● **Data shown**:

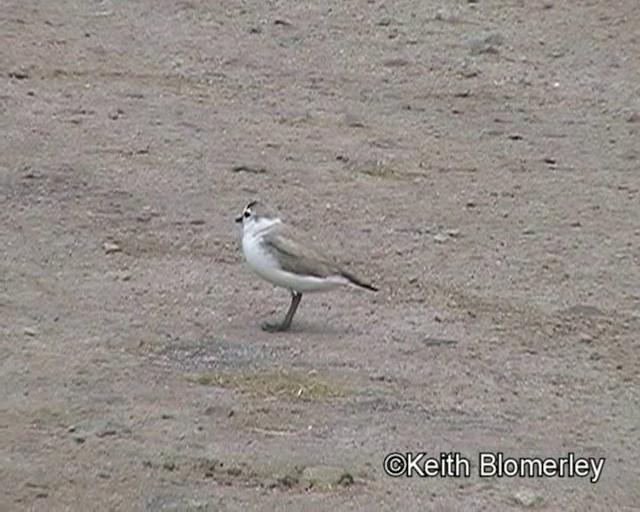 Chorlitejo Frentiblanco - ML201035371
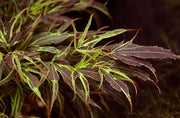 - Acer palmatum 'Manyo no sato' Japanese Maple - Mr Maple │ Buy Japanese Maple Trees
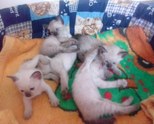 Продавам Сиамски Котенца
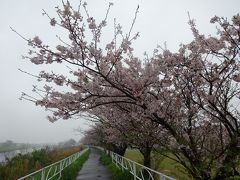 とことんお花見。馬込川の桜並木。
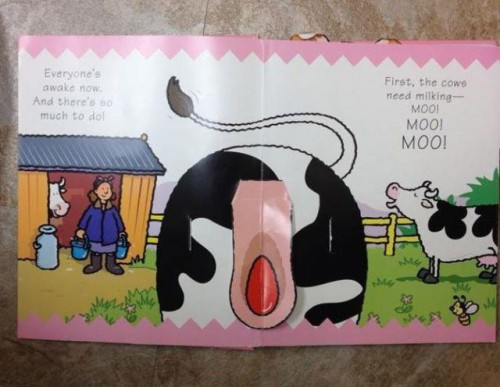 hornoxe.com_picdump290_014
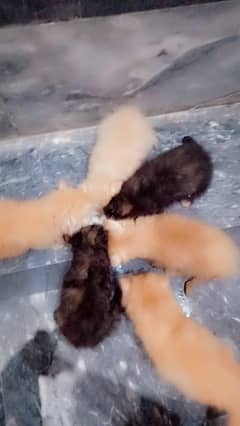 pershiyan 50 days age hy for sale 5 bachy hn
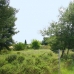 Marbella property: Land in Marbella 213558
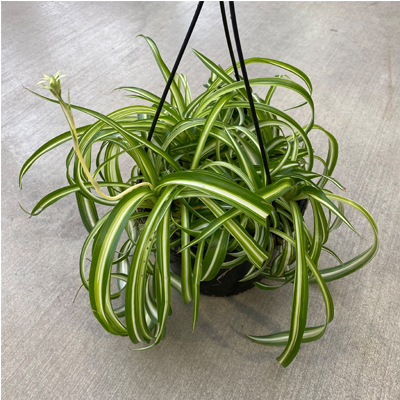 SPIDER PLANT 6"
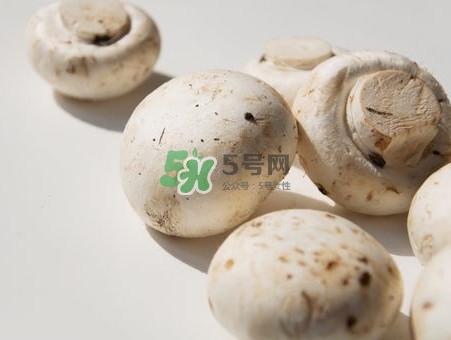 白蘑菇是什么種類？白蘑菇怎么洗才洗得干凈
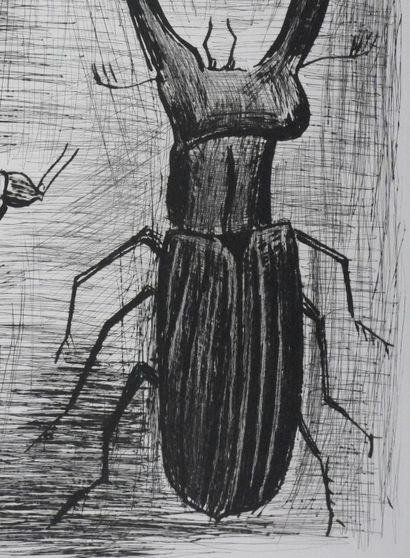 Bernard BUFFET (1928-1999)
Lucane et scarabée
Gravure...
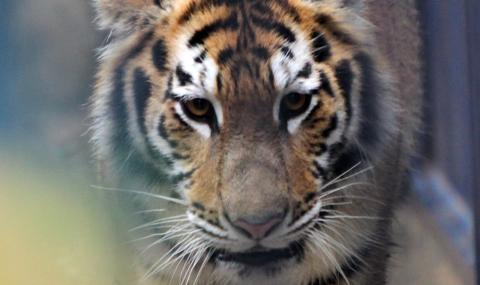 Тигър уби ловец в Русия - 1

● **What to do**: Take the records above from the line with "hornoxe.com_picdump290_014" down to their last line and please copy those lines exactly, without the pictures.

● **Response**:
 hornoxe.com_picdump290_014
 pershiyan 50 days age hy for sale 5 bachy hn
 Marbella property: Land in Marbella 213558
 SPIDER PLANT 6"
 白蘑菇是什么種類？白蘑菇怎么洗才洗得干凈
 Bernard BUFFET (1928-1999)
Lucane et scarabée
Gravure...
 Тигър уби ловец в Русия - 1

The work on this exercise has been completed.